一応注文のスタイルを。まず飲み物だが、あまり期待しないで欲しい。焼き鳥の店なので飲み物はシャビーだ。瓶ビールもしくはチューハイとなる。で、この店のチューハイは青リンゴ系のサワーを使った薄いものだが、これをジョッキで飲むのが乙。これを頼む時に、
「チューハイ 2つ!」 などというのが普通だが、もし覚えられるなら、この「2」の部分を
「チューハイ ニャンコ!」 と言ってみよう。これはセリ用語である。ニャンコは2。以下、
「チューハイ ゲタ! (3)」
「チューハイ ダリ! (4)」
というような感じだ。この時僕は、人数分+1の数で頼む。つまり2人で入店した場合は「ゲタ」で頼む。なぜかおわかりだろうか?当然、大将の分をおごるのである。これもまあ僕と大将との信頼関係なので、初心者はまねしない方がいいかもしれないが。
次に頼むとよいのが鶏刺しである。
この美しい笹身の肌を見よ!湯通しなどしない、完全な生である。ピンク色の肉がねっとりトロリと溶ける、バカ旨の刺身なのだ。
これに添えられているのは本わさびなので、醤油皿にサシをのせ、うえにチョンとサビを乗せて頂く。醤油にも追い鰹が仕込んでいるらしく旨みが濃い。甘めの味が、ねっとりしているが淡泊なサシに絡むと、口中が色っぽくてやるせなくなるのだ。
続いて焼き鳥に移る。備長炭で焼かれる鶏は、すべて大将の好みでタレと塩が使い分けられているので、何も言う必要はない。
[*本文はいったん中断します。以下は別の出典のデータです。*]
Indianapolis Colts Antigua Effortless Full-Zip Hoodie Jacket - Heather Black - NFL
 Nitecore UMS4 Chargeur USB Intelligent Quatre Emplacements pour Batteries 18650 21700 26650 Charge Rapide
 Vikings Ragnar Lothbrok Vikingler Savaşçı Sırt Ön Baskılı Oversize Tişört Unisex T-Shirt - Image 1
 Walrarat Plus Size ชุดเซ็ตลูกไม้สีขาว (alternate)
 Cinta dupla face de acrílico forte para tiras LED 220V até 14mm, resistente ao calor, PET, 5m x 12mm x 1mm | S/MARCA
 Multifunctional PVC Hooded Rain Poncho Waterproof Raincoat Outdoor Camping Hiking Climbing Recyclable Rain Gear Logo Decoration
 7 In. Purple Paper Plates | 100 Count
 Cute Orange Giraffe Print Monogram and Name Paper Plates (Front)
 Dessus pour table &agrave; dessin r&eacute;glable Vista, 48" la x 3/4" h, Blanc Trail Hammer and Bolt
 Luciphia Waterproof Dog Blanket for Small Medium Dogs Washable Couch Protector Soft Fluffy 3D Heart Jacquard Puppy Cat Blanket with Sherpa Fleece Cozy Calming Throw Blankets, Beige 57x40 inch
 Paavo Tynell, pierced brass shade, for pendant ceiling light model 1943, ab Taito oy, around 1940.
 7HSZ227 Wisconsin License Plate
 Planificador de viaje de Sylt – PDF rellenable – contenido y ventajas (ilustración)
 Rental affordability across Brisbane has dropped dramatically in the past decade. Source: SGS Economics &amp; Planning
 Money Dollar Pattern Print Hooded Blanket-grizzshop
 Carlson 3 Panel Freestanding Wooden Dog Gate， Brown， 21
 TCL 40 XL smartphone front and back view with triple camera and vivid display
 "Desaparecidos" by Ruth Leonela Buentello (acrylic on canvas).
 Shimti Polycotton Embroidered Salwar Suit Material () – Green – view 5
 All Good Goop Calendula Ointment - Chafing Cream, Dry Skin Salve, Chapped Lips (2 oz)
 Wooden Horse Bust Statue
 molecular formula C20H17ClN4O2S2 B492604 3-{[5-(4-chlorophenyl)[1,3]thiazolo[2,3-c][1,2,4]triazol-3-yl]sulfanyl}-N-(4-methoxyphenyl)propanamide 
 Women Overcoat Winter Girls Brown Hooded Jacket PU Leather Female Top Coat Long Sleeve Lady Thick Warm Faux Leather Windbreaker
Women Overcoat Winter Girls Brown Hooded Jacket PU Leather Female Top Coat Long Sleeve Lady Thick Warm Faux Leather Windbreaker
ここの焼き鳥は秘伝のタレをくぐらせ表面だけはやや焦げ目つき加減にするのが流儀だ。お任せにするとまず焼かれてくるのが、合鴨串だ。
■合鴨
塩味のこの合鴨は、「私、鴨は苦手なんです」という人がほぼ全て「お、美味しいっ!」と落ちていったほど、癖が無く旨みだけが残る絶妙の焼きである。
そして一番この店のネタで旨いのは、やはり王道の「かしわ」=正肉である。
■かしわ
モモ肉とこの店秘伝のタレの相性は、本当に最高だ。柔らかいのである。トロットロなのだ。それはブロイラーのような頼りないぶよぶよ柔らか状態ではない、確信犯的柔らかさなのだ。そして甘い肉汁とタレが絡み、コゲが旨さを倍加させるのだ。これを僕は3本くらいは食べてしまう。これには山椒が合うので、チョッチョッとかけていただくのが佳い。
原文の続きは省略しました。